# Band Saw Decision



## Twylie (Nov 30, 2018)

I am considering the purchase of my first real band saw. My appetite was whetted by a small bench machine which allowed me to get a feel for what a band saw might be capable of. I have narrowed it down to the following four and would like some input--pros and cons--on each one if you have some experience with any of them. They are all 1.75hp, 110v machines and similarly sized. They range in price from about $1100-$1400. Some people have asked me what I want to do with a band saw. I really can't give a specific answer to this question. I want to, first of all, learn what it is capable of doing and then I will go from there. 



Rikon 10-326
Laguna 14-12
Laguna 14-BX
Jet JWBS-14SFX
I understand that the Laguna 14-12 and Laguna 14-BX are very similar with the BX having a blade brake and built with a more sturdy frame. I wonder if the brake justifies the extra $300 or so.


Have you had a good experience with any of these saws? Should any of them be avoided? Maybe you know of another saw of comparable size and price that you would recommend instead. Any words of wisdom would be appreciated.


----------



## ChiknNutz (Apr 22, 2011)

Hard to beat Grizzly for overall value. I have a prototype I got at their annual scratch and dent sale for I think $700. It is modeled very closely to the Laguna LT14 bandsaw but has a 3HP Leeson motor. It's a beast and can cut thru very thick material accurately.

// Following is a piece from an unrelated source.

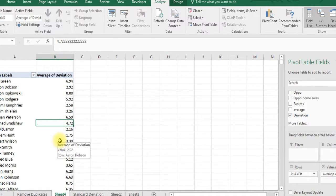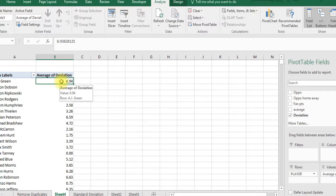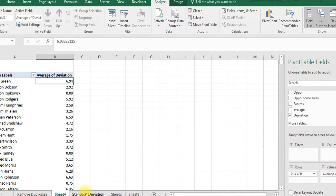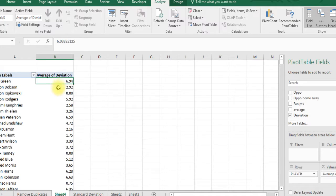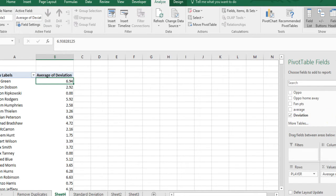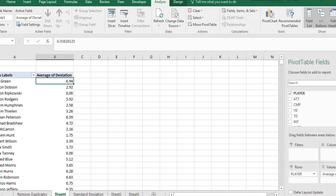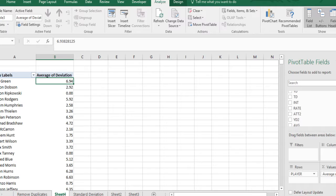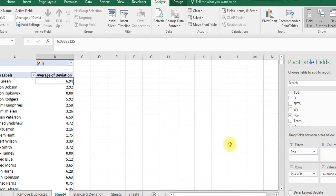Now we've got all of the average deviations. Like for AJ Green, if we look, he probably averages maybe around 10 points, but he's got a standard deviation of 7. That means some games he'll maybe get 3, some games he'll get 17. Let's add position to the filters.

https://www.grizzly.com/woodworking-bandsaws

This one would be a great saw and is less than the others you are looking at.

https://www.grizzly.com/products/Grizzly-17-2-HP-Bandsaw-35th-Anniversary-Edition/G0513ANV


----------



## woodnthings (Jan 24, 2009)

*Yes, the grizzly is a good machine, but.....*

The others listed will run on 120 volts. It is unknown if the OP has 220 volts which is required for a 3 HP motor......?


----------



## ChiknNutz (Apr 22, 2011)

The specific one I linked will run on either 120 or 240. I was merely showing that you can get one with a big ol' motor for less than $1000 if you want


----------



## Tool Agnostic (Aug 13, 2017)

Twylie said:


> I am considering the purchase of my first real band saw. My appetite was whetted by a small bench machine which allowed me to get a feel for what a band saw might be capable of. I have narrowed it down to the following four and would like some input--pros and cons--on each one if you have some experience with any of them. They are all 1.75hp, 110v machines and similarly sized. They range in price from about $1100-$1400. Some people have asked me what I want to do with a band saw. I really can't give a specific answer to this question. I want to, first of all, learn what it is capable of doing and then I will go from there.
> 
> 
> 
> ...


Look at the prices. You get what you pay for, but any of those bandsaws would be a delight to own. 

The Rikon and Jet have guides with bearings like the Carter design which most people would prefer over basic guide blocks. It is a good design.

Laguna bandsaws have their unique ceramic guides that guide the blade above AND below the thrust "bearing", which is also a ceramic guide. It is a very good design. The Laguna 14|BX comes with two dust collection ports, the 14|12 has one. 

If you choose a Laguna 14|BX and get a non-Laguna mobile base for it, be sure that the mobile base does not block the lower door from opening and closing. A "constrained" base may work if you attach it backwards. I have seen it, and it looks and works fine. Other bases may not have the lower door issue.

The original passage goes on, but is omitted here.